Title: Hotel Rwanda [DVD]
Format: DVD
Condition: New
Number Of Discs: 1
Release Date: 17/04/2019
Actors: Xolani Mali, Don Cheadle, Desmond Dube, Tony Kgoroge, Hakeem Kae-Kazim
Director: Terry George
Audio Language: English
Runtime: 2 hours and 1 minute
Region Code: DVD: 2 (Europe, Japan, Middle East...)

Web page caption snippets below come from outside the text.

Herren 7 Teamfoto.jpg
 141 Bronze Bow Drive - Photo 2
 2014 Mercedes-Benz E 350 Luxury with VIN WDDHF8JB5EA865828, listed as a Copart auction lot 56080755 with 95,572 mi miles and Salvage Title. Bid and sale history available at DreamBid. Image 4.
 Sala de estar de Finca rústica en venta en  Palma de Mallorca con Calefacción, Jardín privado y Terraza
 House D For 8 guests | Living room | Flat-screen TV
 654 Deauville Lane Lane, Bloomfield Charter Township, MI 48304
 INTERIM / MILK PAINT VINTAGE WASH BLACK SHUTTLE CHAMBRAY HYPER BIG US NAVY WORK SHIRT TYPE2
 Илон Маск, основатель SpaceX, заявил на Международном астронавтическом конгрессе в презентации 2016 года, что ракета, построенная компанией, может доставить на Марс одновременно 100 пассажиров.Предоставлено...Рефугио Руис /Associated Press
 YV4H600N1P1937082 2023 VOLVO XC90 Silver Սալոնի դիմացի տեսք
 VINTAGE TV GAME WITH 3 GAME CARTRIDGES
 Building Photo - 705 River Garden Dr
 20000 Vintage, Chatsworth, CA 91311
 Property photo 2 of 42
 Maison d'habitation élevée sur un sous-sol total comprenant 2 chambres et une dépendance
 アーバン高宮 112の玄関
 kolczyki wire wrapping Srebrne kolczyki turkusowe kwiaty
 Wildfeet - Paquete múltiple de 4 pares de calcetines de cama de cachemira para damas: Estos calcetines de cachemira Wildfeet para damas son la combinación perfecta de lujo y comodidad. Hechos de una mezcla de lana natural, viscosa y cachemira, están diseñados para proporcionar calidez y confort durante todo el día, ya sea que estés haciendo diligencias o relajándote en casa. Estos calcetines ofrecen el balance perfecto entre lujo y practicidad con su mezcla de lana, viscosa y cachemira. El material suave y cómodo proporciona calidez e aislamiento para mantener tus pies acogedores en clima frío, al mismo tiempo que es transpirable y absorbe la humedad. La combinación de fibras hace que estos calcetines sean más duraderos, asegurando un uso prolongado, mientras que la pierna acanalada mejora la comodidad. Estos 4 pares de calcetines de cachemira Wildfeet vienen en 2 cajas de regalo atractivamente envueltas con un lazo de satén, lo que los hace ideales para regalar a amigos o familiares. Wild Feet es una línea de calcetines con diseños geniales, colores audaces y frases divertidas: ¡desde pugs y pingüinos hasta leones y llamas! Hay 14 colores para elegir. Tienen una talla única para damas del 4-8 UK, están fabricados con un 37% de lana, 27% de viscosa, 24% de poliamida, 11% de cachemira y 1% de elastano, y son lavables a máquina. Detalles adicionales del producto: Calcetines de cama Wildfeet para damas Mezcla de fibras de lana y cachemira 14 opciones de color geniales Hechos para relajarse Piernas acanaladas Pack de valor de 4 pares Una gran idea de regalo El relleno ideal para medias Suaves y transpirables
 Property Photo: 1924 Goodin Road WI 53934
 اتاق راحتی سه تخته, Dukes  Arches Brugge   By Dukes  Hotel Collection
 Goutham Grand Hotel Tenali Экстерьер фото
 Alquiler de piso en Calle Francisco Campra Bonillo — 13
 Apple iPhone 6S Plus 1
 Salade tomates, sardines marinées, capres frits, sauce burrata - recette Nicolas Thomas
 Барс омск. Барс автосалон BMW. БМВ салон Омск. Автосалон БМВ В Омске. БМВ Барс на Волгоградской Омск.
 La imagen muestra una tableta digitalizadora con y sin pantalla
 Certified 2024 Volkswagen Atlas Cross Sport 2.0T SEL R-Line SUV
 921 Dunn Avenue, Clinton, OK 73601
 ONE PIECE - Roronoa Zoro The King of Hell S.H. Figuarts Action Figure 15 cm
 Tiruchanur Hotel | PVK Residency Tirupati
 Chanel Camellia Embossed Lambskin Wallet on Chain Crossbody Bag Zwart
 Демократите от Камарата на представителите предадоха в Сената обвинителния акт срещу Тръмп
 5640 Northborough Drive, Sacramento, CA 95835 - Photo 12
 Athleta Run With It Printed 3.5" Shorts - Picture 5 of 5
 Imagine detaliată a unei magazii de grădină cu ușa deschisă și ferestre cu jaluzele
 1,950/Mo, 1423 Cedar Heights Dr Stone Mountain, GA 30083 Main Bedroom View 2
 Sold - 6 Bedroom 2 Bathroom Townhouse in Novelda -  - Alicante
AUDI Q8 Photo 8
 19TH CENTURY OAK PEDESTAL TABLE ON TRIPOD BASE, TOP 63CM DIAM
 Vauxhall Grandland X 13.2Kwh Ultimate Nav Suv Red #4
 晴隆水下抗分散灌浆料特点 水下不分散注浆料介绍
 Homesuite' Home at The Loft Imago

Studio: Entertainment in Video
Subtitle Language: English
Description: Harrowing drama set during the Rwandan conflict of the 1990s. The Rwandan conflict of the 1990s marked one of the bloodiest chapters in recent African history. Over the course of 100 days, almost one million people were killed. The streets of the capital city of Kigali ran red with rivers of blood, but no one came to help. There was no international intervention in Rwanda, no expeditionary forces, no coalition of the willing. There was no international aid for Rwanda. Rwanda's Hutu extremists slaughtered their Tutsi neighbors and any moderate Hutus who stood in their way, and the world left them to it. Amidst the horrendous violence and chaos that swept the country, one of the many heroes to emerge was Paul Rusesabagina (Don Cheadle), an ordinary man who, out of love and compassion, managed to save the lives of 1268 people. The manager of a hotel, Paul offered shelter to these refugees at considerable risk to his own safety.
Solidly built around a subtle yet commanding performance by Don Cheadle, Hotel Rwanda emerged as one of the most highly-praised dramas of 2004. In a role that demands his quietly riveting presence in nearly every scene, Cheadle plays real-life hero Paul Rusesabagina, a hotel manager in the Rwandan capital of Kigali who in 1994 saved 1,200 Rwandan "guests" from certain death during the genocidal clash between tribal Hutus, who slaughtered a million victims, and the horrified Tutsis, who found safe haven or died. Giving his best performance since his breakthrough role in Devil in a Blue Dress, Cheadle plays Rusesabagina as he really was during the ensuing chaos: "an expert in situational ethics" (as described by critic Roger Ebert), doing what he morally had to do, at great risk and potential sacrifice, with an understanding that wartime negotiations are largely a game of subterfuge, cooperation, and clever bribery. Aided by a United Nations official (Nick Nolte), he worked a saintly miracle, and director Terry George (Some Mother's Son) brings formidable social conscience to bear on a true story you won't soon forget.